Afbeelding
Eigen foto

Leuke vent

· leestijd 1 minuut Bij de les

“Wat een leuke vent” dacht ik, toen ik ‘m de eerste keer zag. Ik heb ‘t niet over m’n eigen vent. Die is natuurlijk ‘t leukste, anders was ‘t mijn vent niet. 

Ik tref deze ook leuke man soms op straat met z’n dochtertjes. Of bij een praatje in de supermarkt. Hij is attent en belangstellend. Met een smile. Hij passeert de laatste tijd vaak mijn gedachten.

Toen ik brugklasmentor was, ging mijn eerste les altijd over de grote R. Die R staat voor ‘Respect’. Inmiddels een modewoord. Maar toch blijft de betekenis mooi.

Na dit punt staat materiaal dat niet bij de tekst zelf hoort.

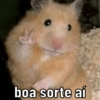 boa sorte ai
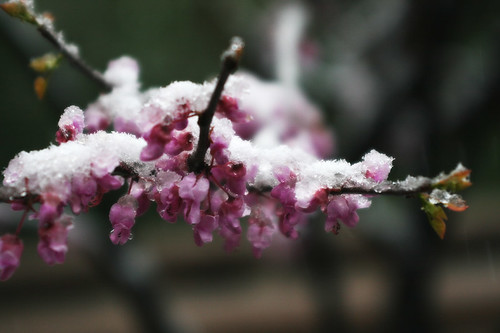 Frosted Blossoms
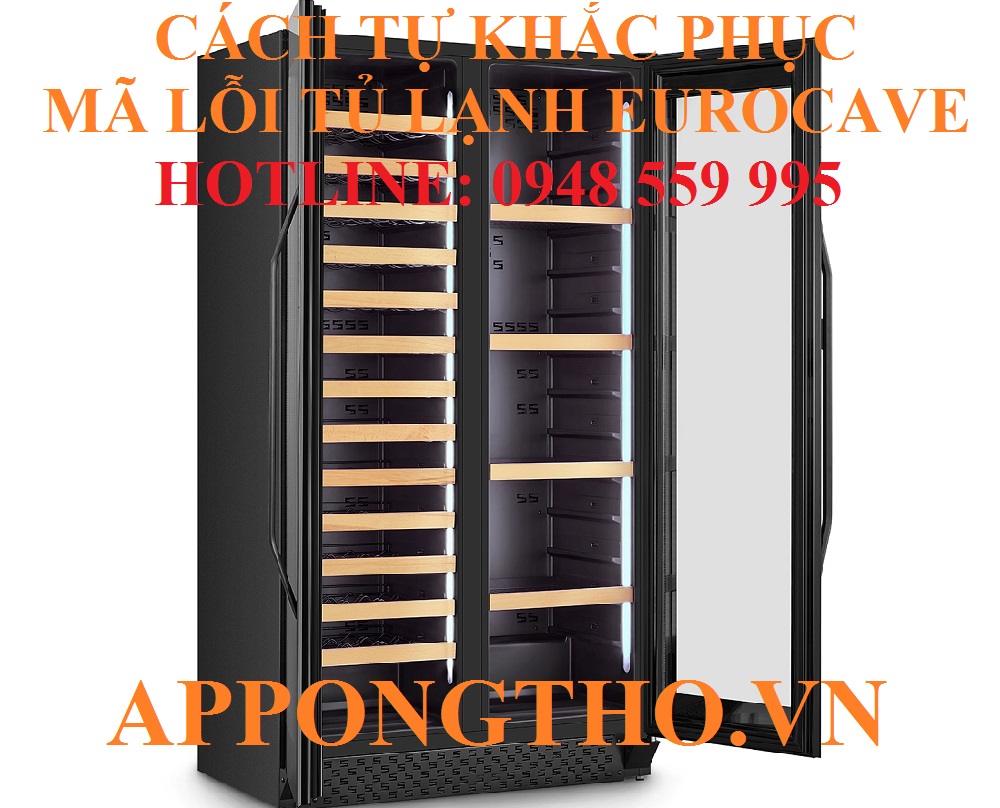 1. Khắc phục máy nén (E1) trên tủ rượu EuroCave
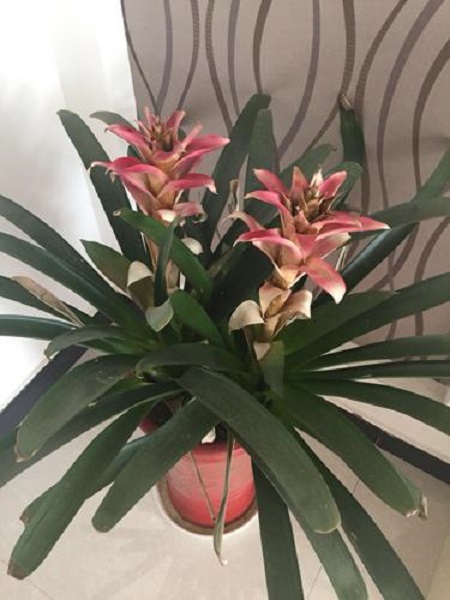 鸿运当头叶子焦边干枯是怎么回事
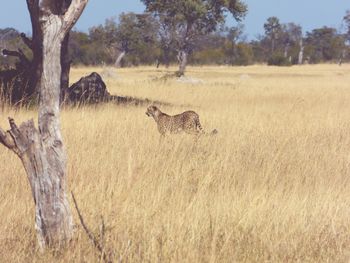 Scenic view of cheeta in field against sky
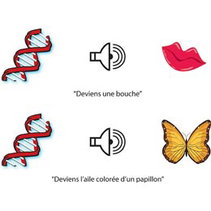 A diagram of DNA instructions.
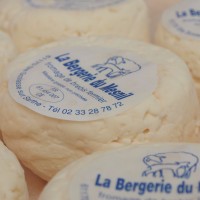 Fromage_Brebis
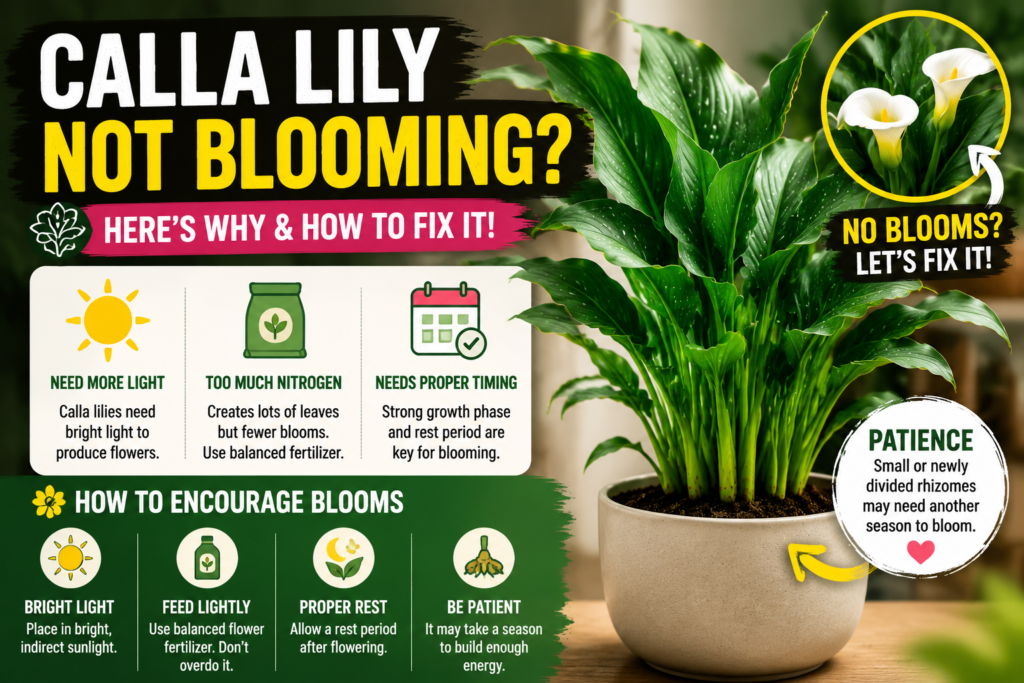 Calla Lily Problems — Why Your Calla Lily Is Struggling & How to Fix It Calla lily not flowering due to low light or excess nitrogen fertilizer with healthy green leaves but no blooms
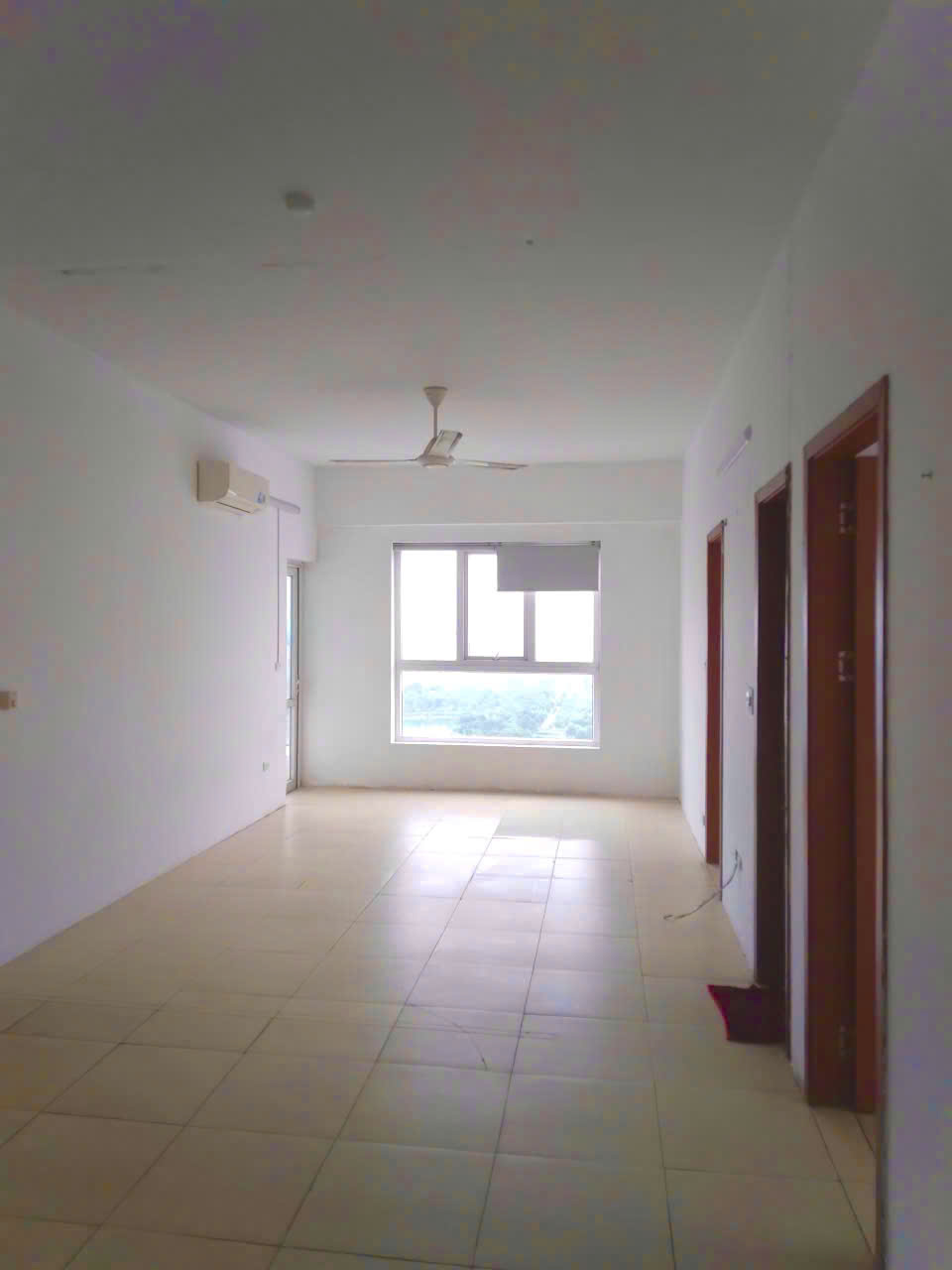 z6910102733742_4b71ec5feb4cd7e39a19fcec0f6c7c2d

Respect voor andermans spullen. Respect voor iemands grenzen. Voor iemand die anders denkt. Voor je docent. Voor de schoolschoonmaker. Voor je klasgenoot. Voor de natuur. Voor dieren. 

Dat uit je door de blik in je ogen: vriendelijk of neerbuigend. Of door je taalkeuze: scheldend, plat, grof. Of duidelijk maar vriendelijk. Of door je houding.

Ik vertel hen ook dat je het ergens niet mee eens kunt zijn. Tuurlijk! En we praten erover hoe je dat uit. Scheldend, met haat? Blijft je woordkeuze netjes?

Boeiende lessen. Lessen die een bijdrage leveren aan het respect van onze jeugd voor ons allen. Want zeg nou zelf; het is fijn om met respect te worden behandeld!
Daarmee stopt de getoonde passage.